Begin at the line containing "Snapshot of miaarossee" and retype each line through the end of the records exactly. Include nothing else and no pictures.

* _DATA UNDER STUDY_:
------------------------
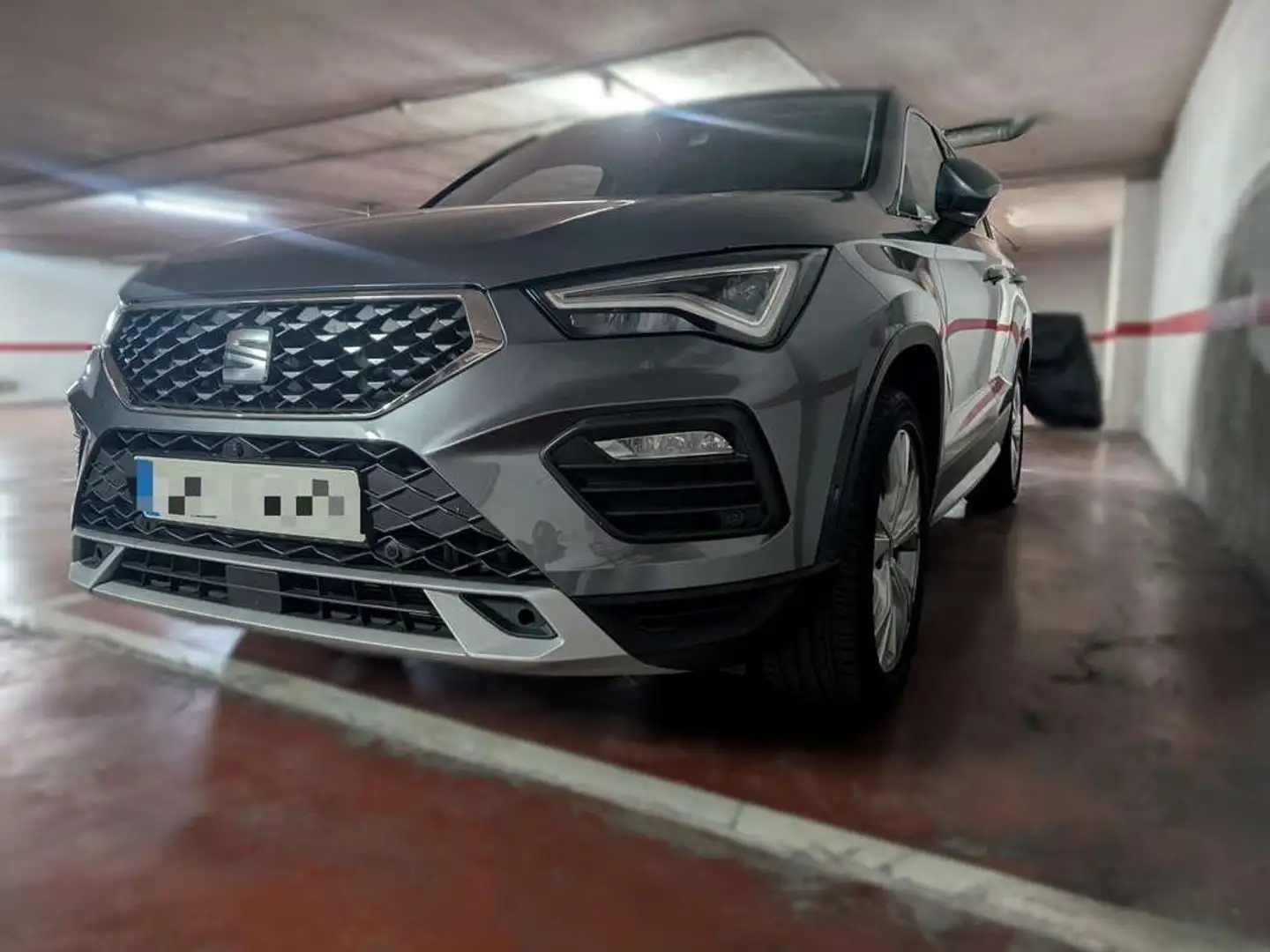 SEAT Ateca 1.5 EcoTSI S&S X-Perience XM DSG Gris - 1
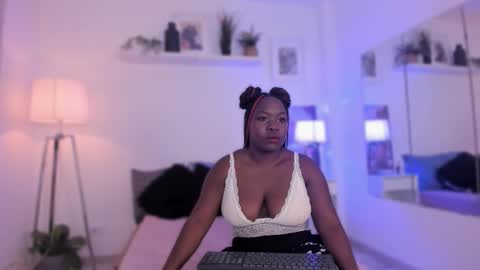 Snapshot of miaarossee chatting on 02-17-26, 11:07 Mia Rosse online show from 02-17-26, 11:07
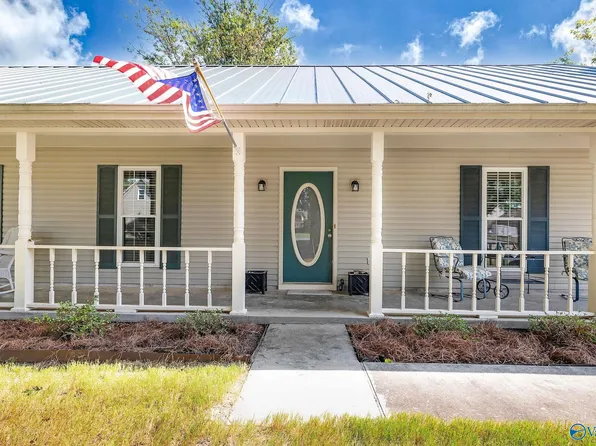 612 Fairlane Dr SW, Hartselle, AL 35640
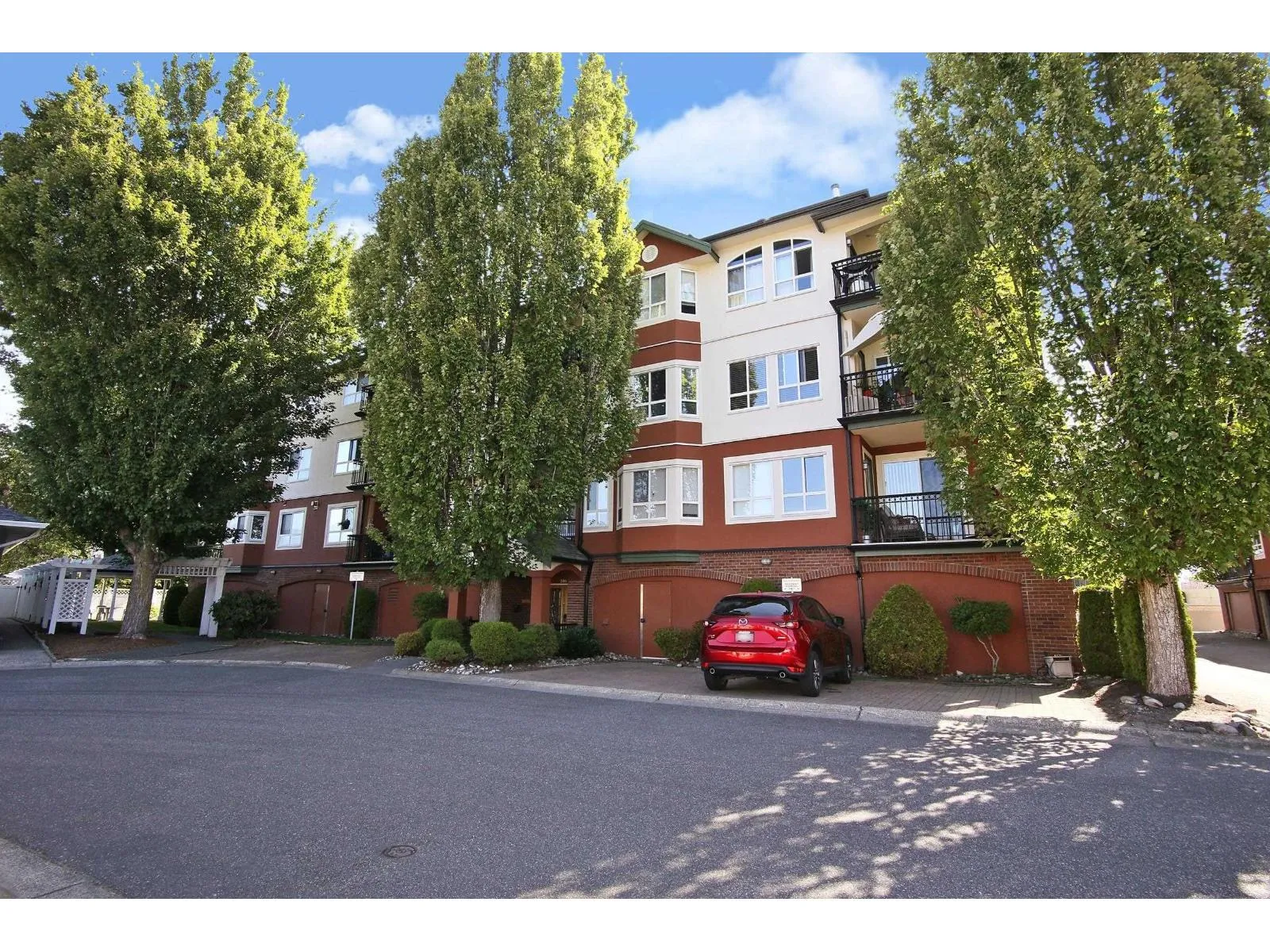 Apartment for rent: 2307 8485 Young Road|chilliwack Proper South, Chilliwack, British Columbia V2P 7Y7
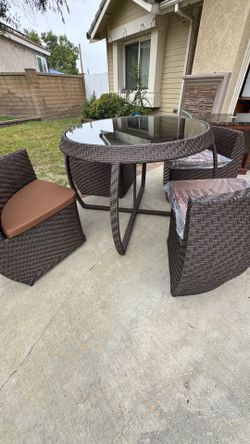 Dining table brand new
------------------------
* _SOLUTION TO THE EXERCISE_:
 Snapshot of miaarossee chatting on 02-17-26, 11:07 Mia Rosse online show from 02-17-26, 11:07
 612 Fairlane Dr SW, Hartselle, AL 35640
 Apartment for rent: 2307 8485 Young Road|chilliwack Proper South, Chilliwack, British Columbia V2P 7Y7
 Dining table brand new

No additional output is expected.